My EXP has shown as I originally put it, top flight reference line speakers or even there abouts  are purely luxury and top flight reproductions of music can be had on far less levels of spkr accomplishment.


This spkr search must include equal attention to the power demands the short list discloses for speakers and amps are gonna see higher levels of performance if this matching just the current needs from the amp (s) are done well. Build of the amp denotes still more scrutiny, and all alone can escalate the presentation. 


I’ve found budgeting  a system is ridiculous for the seriously afflicted audio nut. Regardless what gets in the door first, its gonna change. 


Unless one has little or no constraints with financial wherewithal, circumstances more than budgets add or remove options just as will personal  philosophies on throwing money at a 2 ch. Audio rig.


I’ve yet to hear someone say the first outfit was a pair of Wilson Watts and an Onkyo receiver, or Creek INT amp. 


Get whatever level of spkr you can. Then add the ingredients to suit. This doesn’t mean speakers first at all costs. It merely means get some journeyman good performing nothing really faulty with them loudspeakers. There are untold numbers of them around.


My money once  some sort of affair is in play will target the source. As the foremost item to be upgraded. For me its been a trickle down affair thereafter quite often. Not always. Just more often thanmy ego & ears would prefer.


If the aim is always to seek greater transparency and organics, tonal integrity and naturalism, one won’t go far wrong. Chasing just transparency will severely diminish your audio library from the sheer abundance of bad recordings. So paying attention to balance is key with respect to the reproduction, and not as much to who ghets what amount of duckets along the way or at the onset.


If all the bits and pieces are of quality,  its reasonable to expect a quality sort of outcome. Mating and matching all the pieces with care often yields greater performance ala ‘synergy’.

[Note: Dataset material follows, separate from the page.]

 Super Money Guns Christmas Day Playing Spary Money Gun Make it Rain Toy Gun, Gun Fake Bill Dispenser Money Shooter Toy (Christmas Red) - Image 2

The last rig I had to dismantle had about $40K MSRP in front of a pr of $8K MSRP speakers, and a $4K  sub. So what is that ratio? A bit more than 25% of total system cost for transducers?  It sure sounded better than my first effort which had 2K in front of a 2K set of speakers.


Its all gonna change anyhow… 


Good luck. Good thread.




“Speakers don’t matter as much as we think they do…”,.

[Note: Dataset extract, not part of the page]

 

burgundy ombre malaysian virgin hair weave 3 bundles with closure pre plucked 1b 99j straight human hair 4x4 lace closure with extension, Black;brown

They don’t matter any less either. They merely deserve the same amount of respect all of the other components in the arrangement should receive, but regularly not the lions share.

I firmly believe as I stated previously so long as an assignment, or verdict on any speaker’s prowess contains subjective evaluation (s) there can be no absolute determination of true performance (better, or best) regardless their cost, style, or design topology.

the one point a particular speaker can make is on the bandwidth itself and how much of it is revealed, i.e., speaker a being full range can develop more range than speaker B which is a restrickded range unit.

as for speakers making the greatest impact on the presentation I’d offer change the amplifier topology from SS to Tubes and then tell me things have not significantly changed.

albeit, many aspects of a system alter the sound and presentation, not merely the speakers.

Anyone in this devotion for anytime at all will see it does not take ‘world beater’ uber priced transducers to knock you off your seat with their presentation, now and again.

I strongly advise anyone to allow good sense lead the way and not some mysteriously arranged pie in the sky chart which denotes how much money goes where, if an audio rig is to be on balance.

Acquire a quality signal, maintain that signal’s integrity and match closely the power demands of the speaker with an amp or amps, address the room acoustics as is feasable , and many speakers will open the doors to excellent listening sessions without the need for extravagant expense at the end of the signal path.

@emailists>

How much should the paint cost in a painting?


Blindjim>

Ask  ‘Tooloose ta trek’.


@Fordste>

Many inexpensive speakers sound wonderful given all the other stuff is right.  In this hobby big money spent looks pretty but does not guarantee the best sound.